Singapore's richest literary prize went yesterday to first-time novelist Yeoh Jo-Ann.
The 36-year-old, a client operations director with a digital marketing agency, won the $25,000 Epigram Books Fiction Prize for her manuscript, Impractical Uses Of Cake, in which a man has his life turned upside down after he finds a woman from his past homeless and living in a cardboard box.
"It is a very unusual novel for the sensitivity and tact with which it handles a very complex human situation with a very interesting narrator and an even more interesting female protagonist. It reveals a whole side of Singapore that many people in Singapore may not be aware of, with a dry sense of humour and a deep understanding of human difficulties and the problems faced by Singapore as an urban centre," said Professor Rajeev S. Patke, director of the humanities division at Yale-NUS College, who was one of the judges.
It is the fourth award for unpublished English-language novels given by local publisher Epigram Books.
The annual prize is now open to Singapore citizens, permanent residents and Singapore-born authors.
But Epigram founder Edmund Wee, 66, announced at yesterday's gala dinner at the Conrad Centennial Singapore hotel that from next year, the prize will be open to writers from other Asean countries, as a way to reach out to more people.

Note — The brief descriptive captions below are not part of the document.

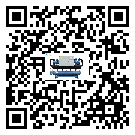 深圳市結(jié)晶爐行業(yè)冷水機(jī)制冷系統(tǒng)基本組成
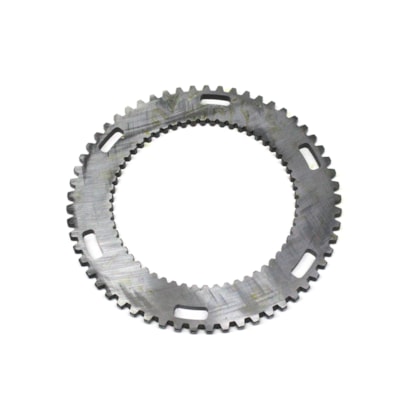 MOTO PECAS | R03017 | CORPO/DISCO Z57 58E ACOPLAMENTO ENGRENAGEM 2M MB CAMBIO G60/G85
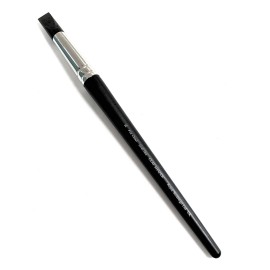 Clay Shaper FLAT CHISEL Clay # 16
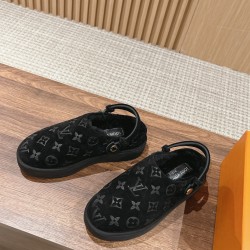 LV Sneakers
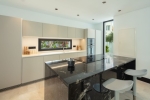 Beach House Marbella (30)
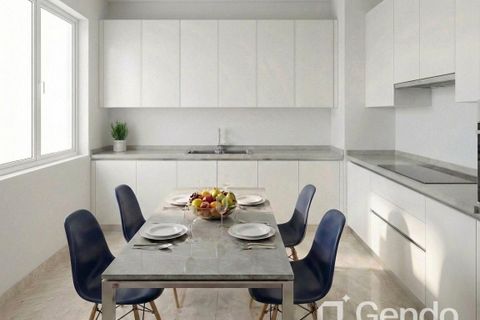 Rækkehus i Vinaros, Castellon, Vinaros - € 320.000 | Ref: EXP12677/8930 - foto 7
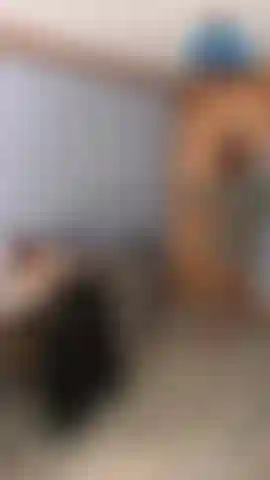 Omaggio al fidanzato. 12 Minuti sul mio ragazzone finché non urlo urlando il suo nome.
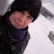 martha_12866997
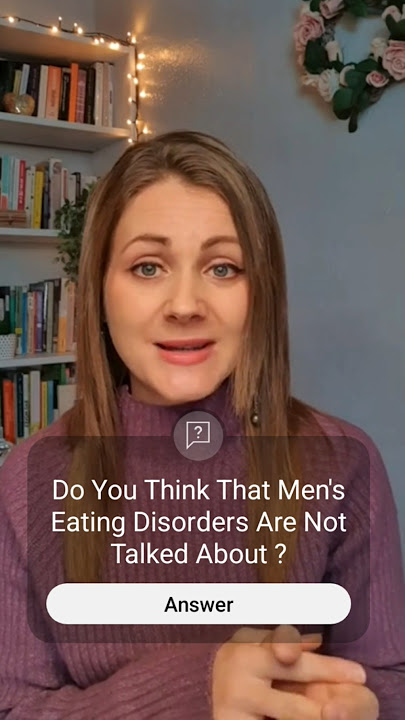 Eating Disorder Issues Amongst South Korean Men  #eatingdisorders #menatlhealth #southkorea #lookism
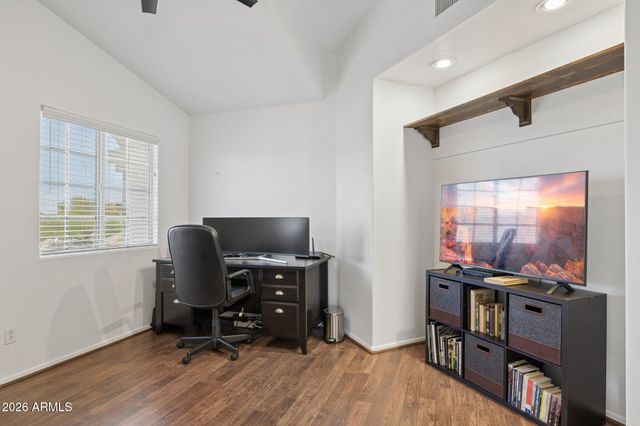 29007 N 45TH Way, Cave Creek, AZ 85331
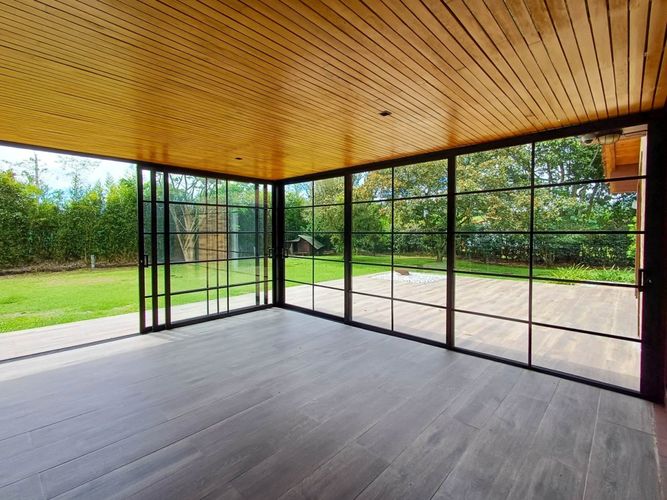 Finca en  Arriendo en Cabeceras de llanogrande, Rionegro - Miniatura 5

Prize money for winning the Epigram Books Fiction Prize
Participants from these countries must either be citizens or permanent residents of the country they represent and submissions must be in English or translated into English.

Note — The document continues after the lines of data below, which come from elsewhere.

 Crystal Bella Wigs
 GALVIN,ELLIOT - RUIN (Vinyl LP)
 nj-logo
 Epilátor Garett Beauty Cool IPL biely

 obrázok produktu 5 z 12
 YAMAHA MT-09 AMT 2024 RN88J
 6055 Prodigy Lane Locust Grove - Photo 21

This year's shortlist was the award's first all-female one. All four finalists were first-time novelists.
"Writing is a very solitary process but it showed me who my friends were," Ms Yeoh said in her thank-you speech. She plans to use the $25,000 prize money to travel and finish her next book.

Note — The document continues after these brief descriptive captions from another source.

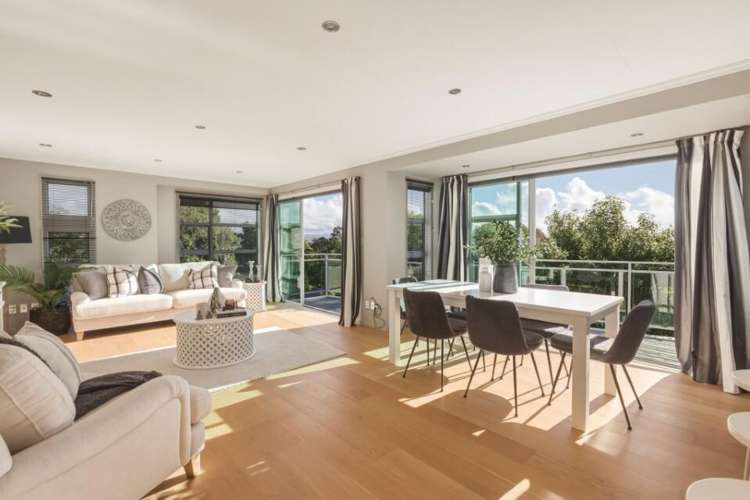31A Brookfield Terrace Brookfield_2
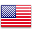 /data/flags/default/32x32/um.png
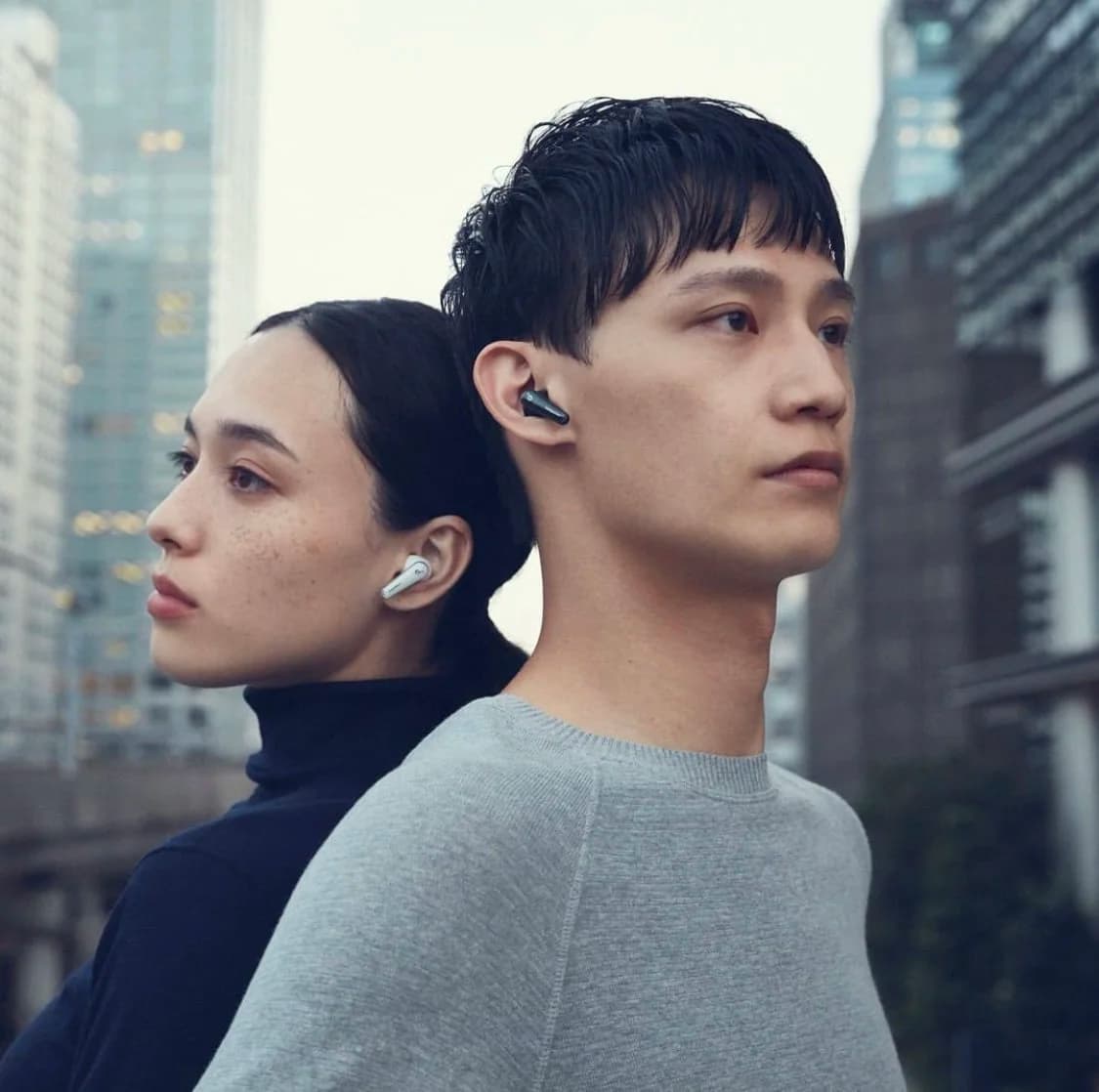 Anker soundcore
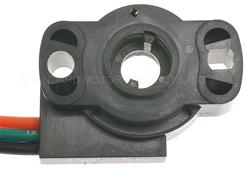 Standard Motor Throttle Position Sensors TH18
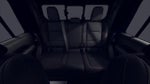 2026 Jeep Gladiator GLADIATOR SHADOW OPS 4X4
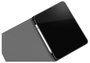 Tucano UP PLUS Tablet tok Apple iPad 10.9 (10. Gen., 2022) 27,7 cm (10,9) Book Cover Szürke 9. bélyegkép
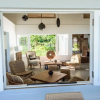 Отель Moorea Beach Lodge, фото 22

Ms Yeoh beat Singapore Management University postgraduate student Lu Huiyi, 28; freelance writer and English literature tutor Anittha Thanabalan, 29; and Channel News Asia senior digital lifestyle journalist May Seah, 33. The three runners-up will get $5,000 each and also have their novels published next year.
This year's judges included Mr Wee, Singapore Literature Prize-winning author Suchen Christine Lim, Prof Patke, and children's book author Linda Locke.